### WHAT THE TASK REQUIRES
Output the line that contains "7 Lakemba Place, Brassall" together with each line after it, through the final line of the listing below, word for word; omit pictures.

### RECORDS
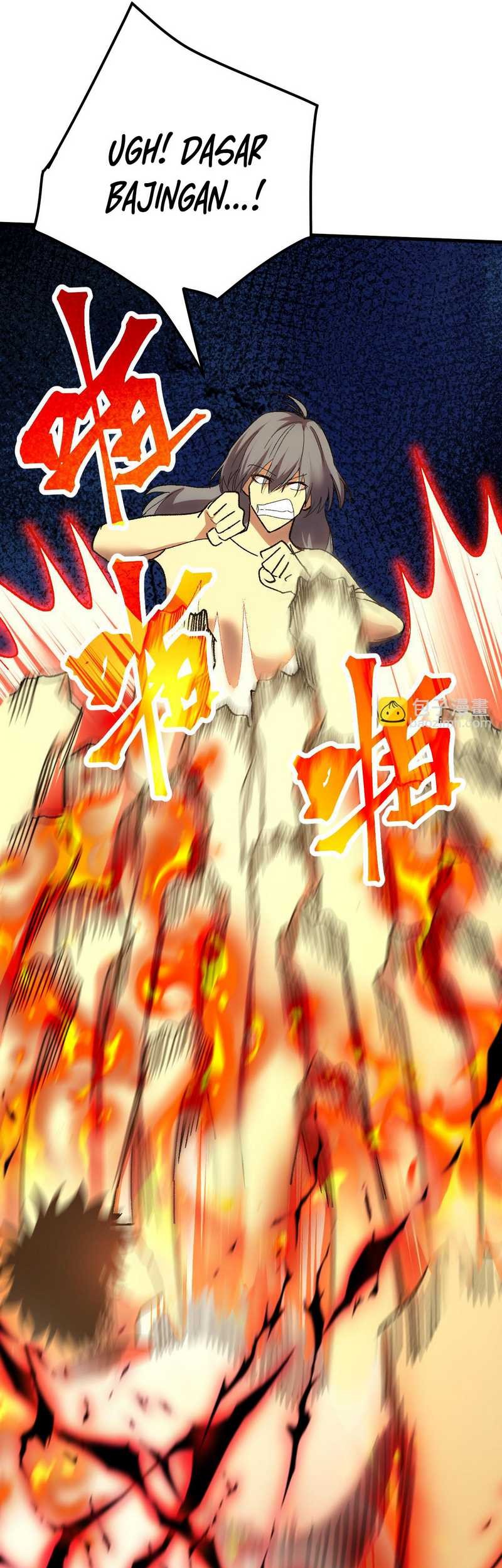 Apex Future Martial Arts Chapter 181 page 41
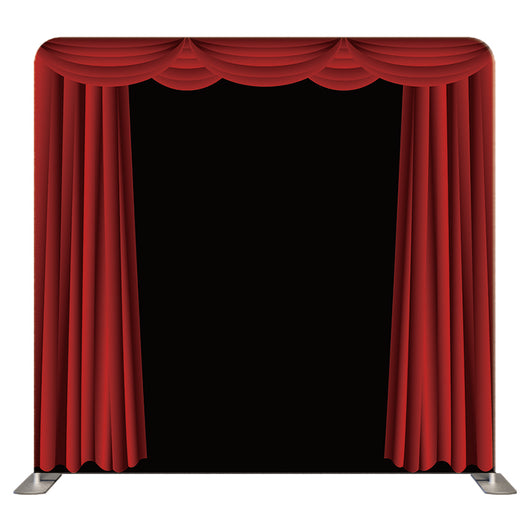 Lights 029 Pillowcover Backdrop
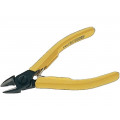 8160; Pliers; side,cutting; ESD; Pliers len: 125mm; BAHCO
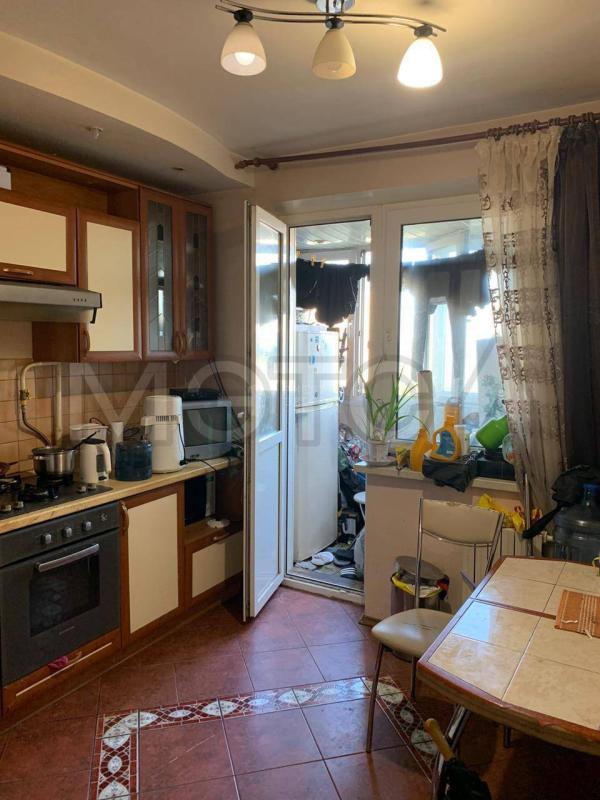 2-комнатная Квартира, 51.5 м2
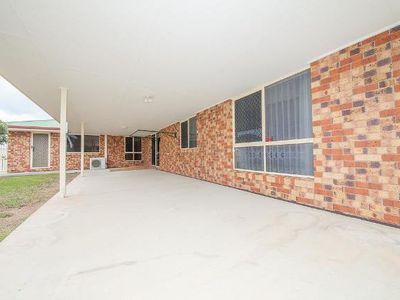 7 Lakemba Place, Brassall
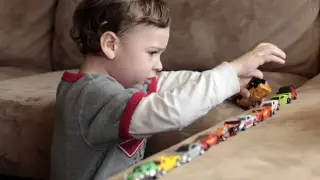 4 мита за аутизма, които трябва да бъдат развенчани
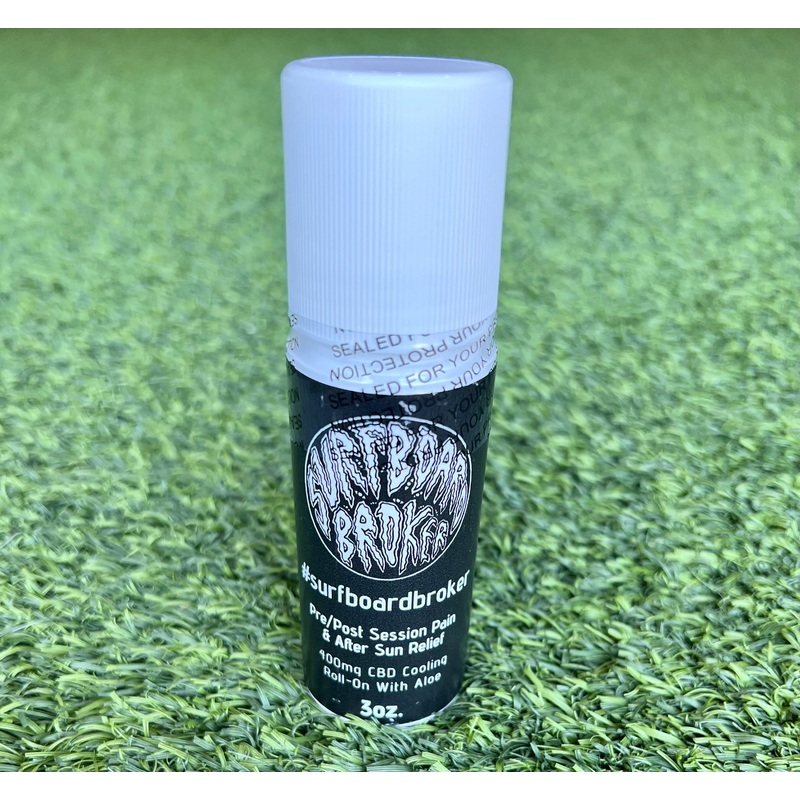 After Surf Relief Roll-On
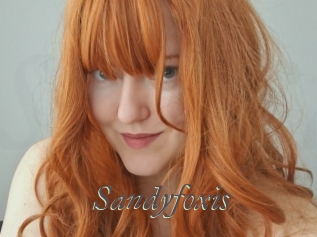 Sandyfoxis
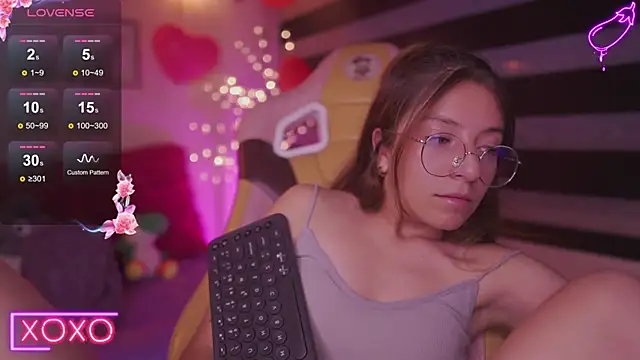 milly kenner online show from 02/11/25, 11:22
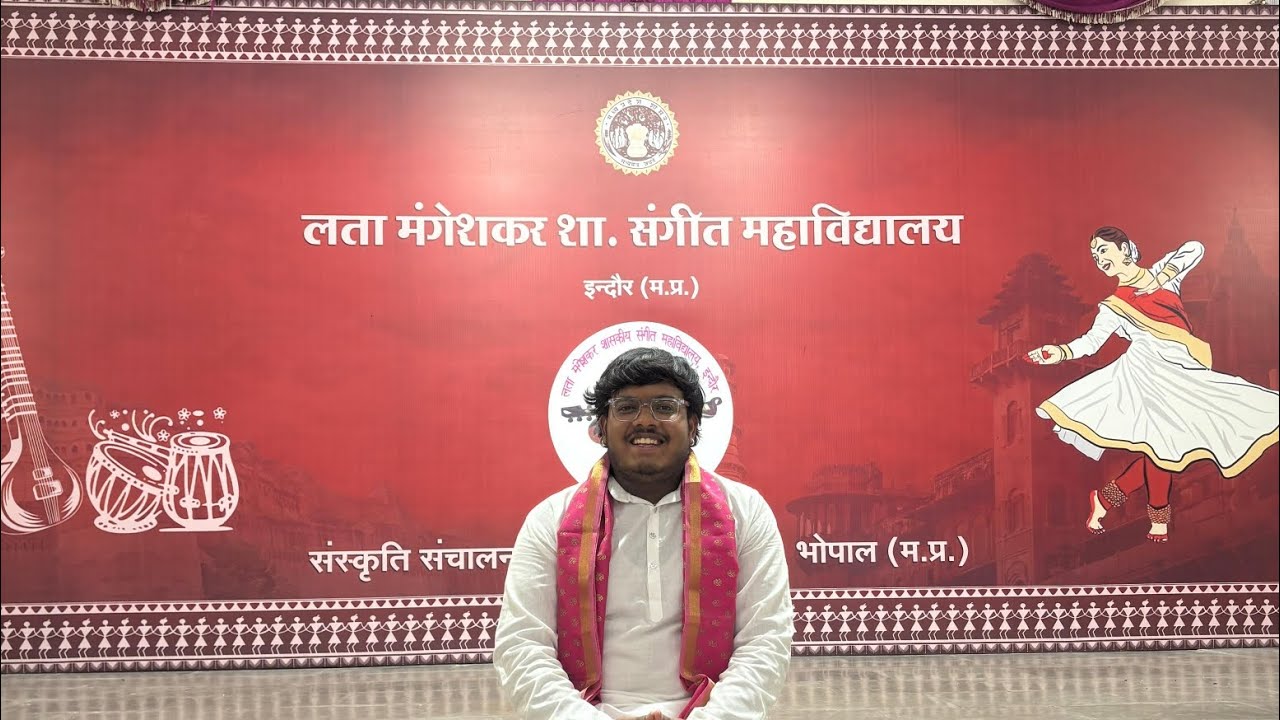 Annual function of our college ✨🫶🏻 Date-30/01/2026 memorable day of my life 🥹 #vlog #music #study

### TASK SOLUTION
 7 Lakemba Place, Brassall
 4 мита за аутизма, които трябва да бъдат развенчани
 After Surf Relief Roll-On
 Sandyfoxis
 milly kenner online show from 02/11/25, 11:22
 Annual function of our college ✨🫶🏻 Date-30/01/2026 memorable day of my life 🥹 #vlog #music #study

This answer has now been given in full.